- What you are asked to do -
Without the pictures, print the lines from the one holding "Am I a Racist?: A" through the last line below, both included, exactly as they stand.
[Opening Input section]
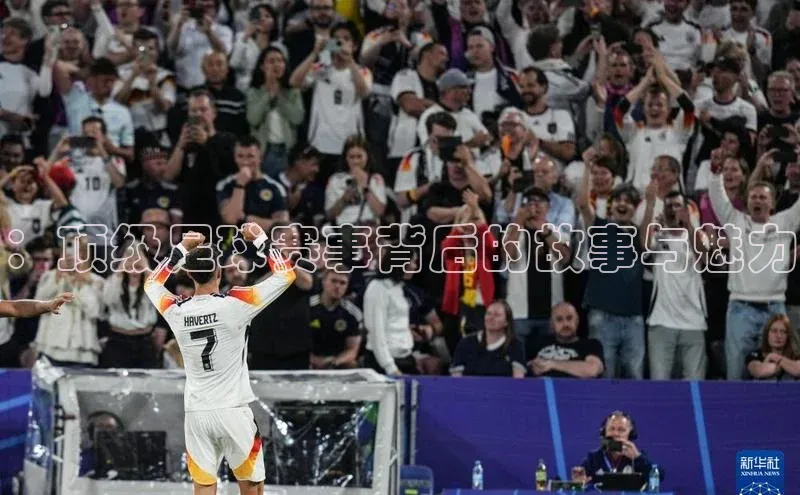 ：顶级足球赛事背后的故事与魅力
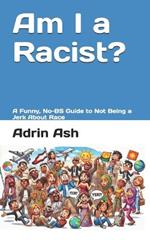 Am I a Racist?: A Funny, No-BS Guide to Not Being a Jerk About Race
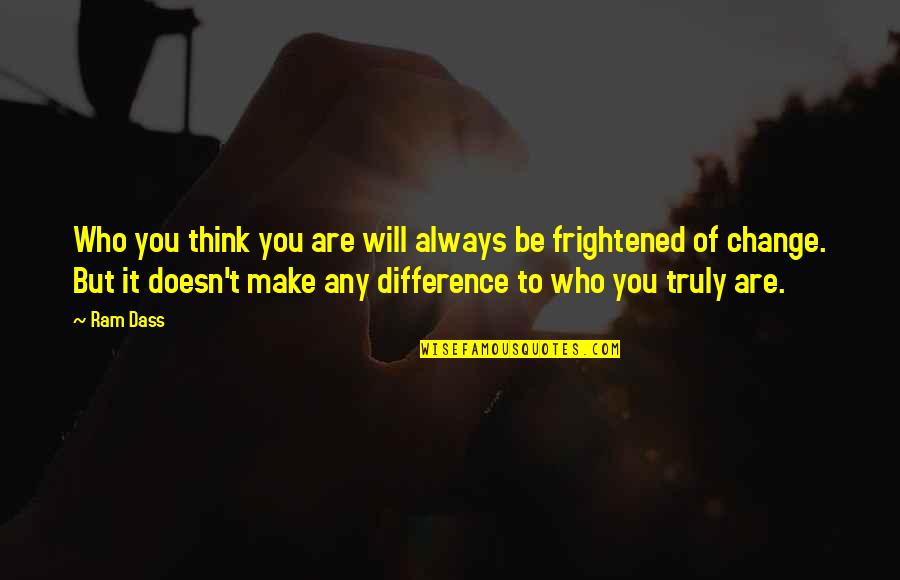 Discotheque Augusta Quotes By Ram Dass: Who you think you are will always be Discotheque Augusta Quotes By Ram Dass: Who you think you are will always be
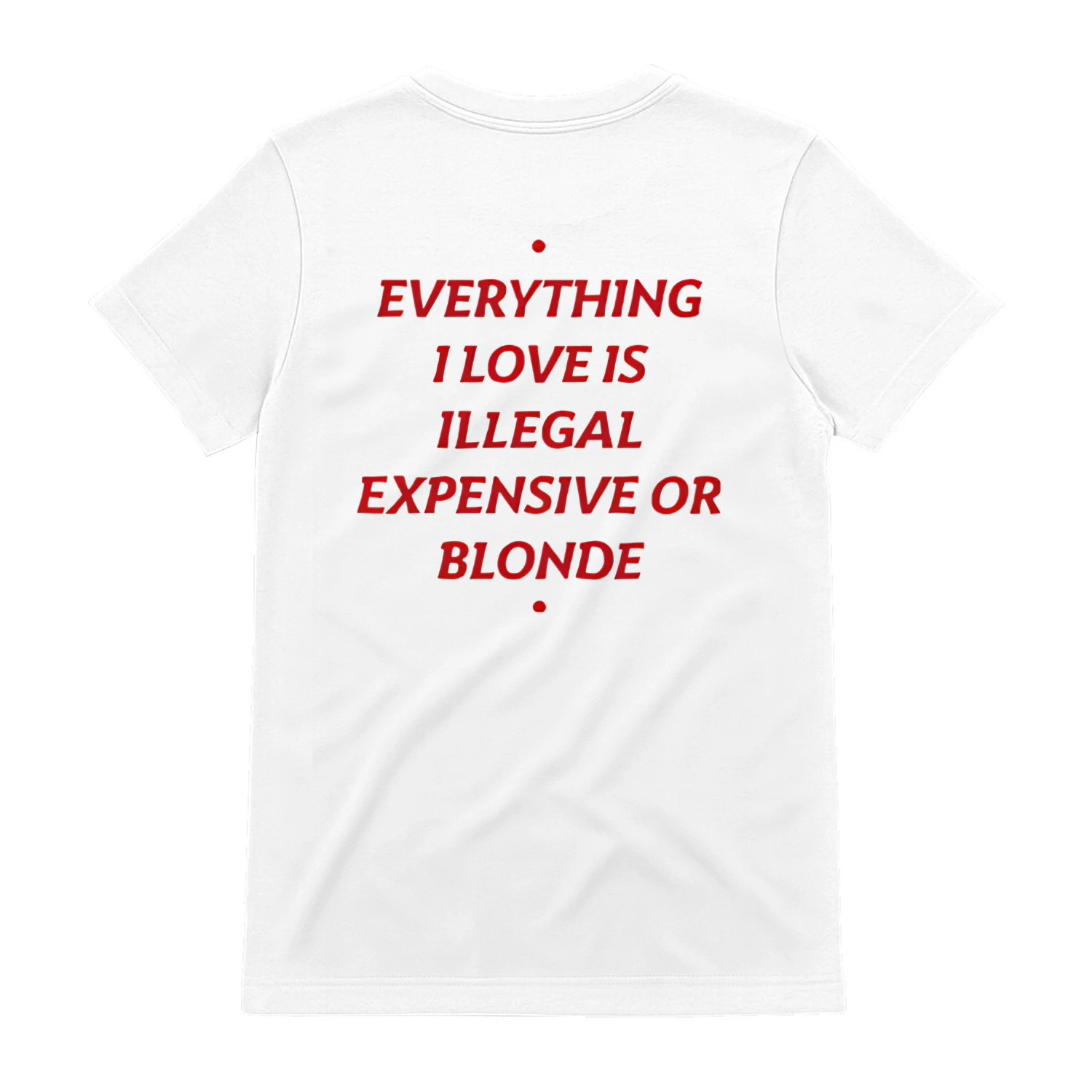 Everything i Love is Illegal Expensive or Brunette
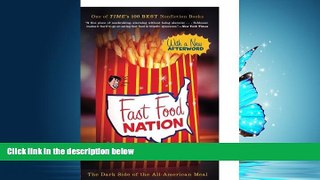 FAVORIT BOOK Fast Food Nation: The Dark Side of the All-American Meal BOOOK ONLINE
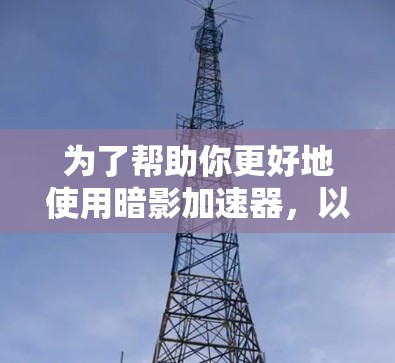 为了帮助你更好地使用暗影加速器，以下是一些步骤和建议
[Closing Input section]
- Written solution -
 Am I a Racist?: A Funny, No-BS Guide to Not Being a Jerk About Race
 Discotheque Augusta Quotes By Ram Dass: Who you think you are will always be Discotheque Augusta Quotes By Ram Dass: Who you think you are will always be
 Everything i Love is Illegal Expensive or Brunette
 FAVORIT BOOK Fast Food Nation: The Dark Side of the All-American Meal BOOOK ONLINE
 为了帮助你更好地使用暗影加速器，以下是一些步骤和建议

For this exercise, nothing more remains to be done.